Usually it means that the computer did not receive a reply packet in
response to some packet it sent to the device.  This could be because
noise disrupted either the packet sent to the device or the reply
packet, or because the device has crashed and isn't sending anything.

>  This
> message is generated after the host hardware was unable to receive proper
> protocol response from a device after THREE BACK-To-BACK ATTEMPTS (assuming
> CERR in EHCI.c is set to 3). This means that this situation is not some
> accidental signal glitch but a fatal condition on the pipe.
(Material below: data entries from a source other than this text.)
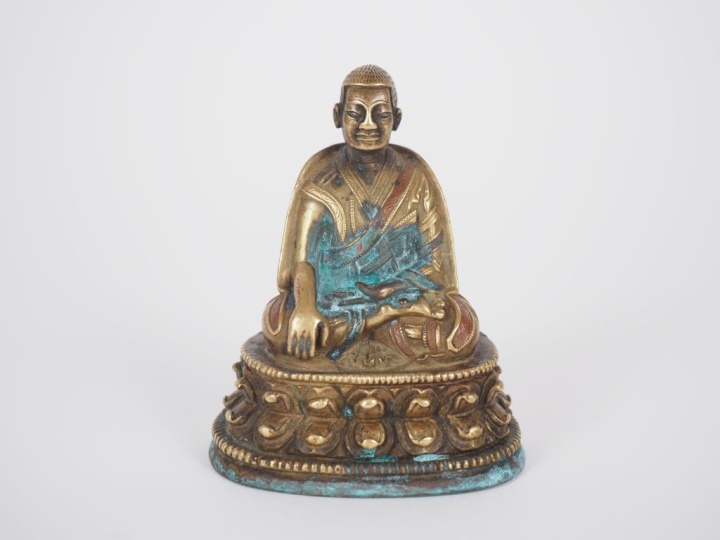 Tibet, XIXe siècle Statuette en bronze et cuivre, représentant un Lama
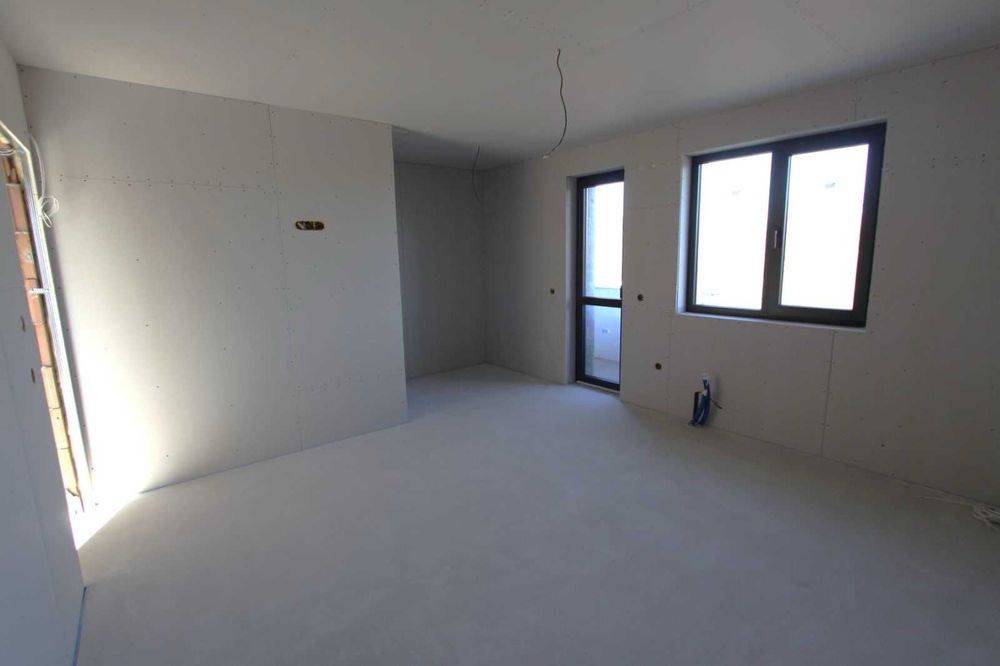 НОВА Самостоятелна къща до гр.София, с.Гурмазово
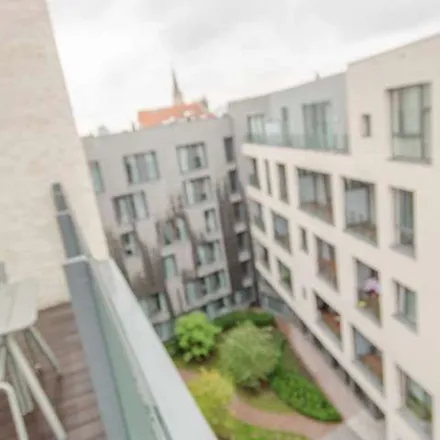 Rent this 2 bed apartment on Rue du Prince Albert - Prins Albertstraat 33 in 1050 Ixelles - Elsene, Belgium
Not true.  People have observed conditions where the transaction errors
occurred multiple times in a row (more than three) and then went away.  
There are examples hidden away in the email archives of such
occurrences.  You may be able to find some if you read through the
email exchanges leading up to the commit that introduced the
multiple-retry mechanism.

> In other words,
> the USB device has likely lost its configuration, or went dead. Therefore,
> the host should not re-try this low-level transaction, and rather resort to
> some higher-level recovery procedure (port reset and re-enumeration). Thus,
> we are coming to (b):

Since the initial assumption above is wrong, this conclusion is 
invalid.

> (b) Instead of switching to recovery, the Linux USB driver attempts 32
> additional re-tries. As explained in (a), these retries serve no purpose,
> except they generate really alarming debug logs that would be impossible to
> miss. 

They do serve a purpose.  Sometimes they are able to re-establish 
communication.

> Sorry to reviving 2-years-old thread. My problem with Linux USB stack is why
> it is doing extra 32 attempts to a dead link. What is the rationale behind
> this 32-times "recovery policy"?

The number 32 was picked more or less arbitrarily.  Experience has 
shown, however, that 3 is definitely too small.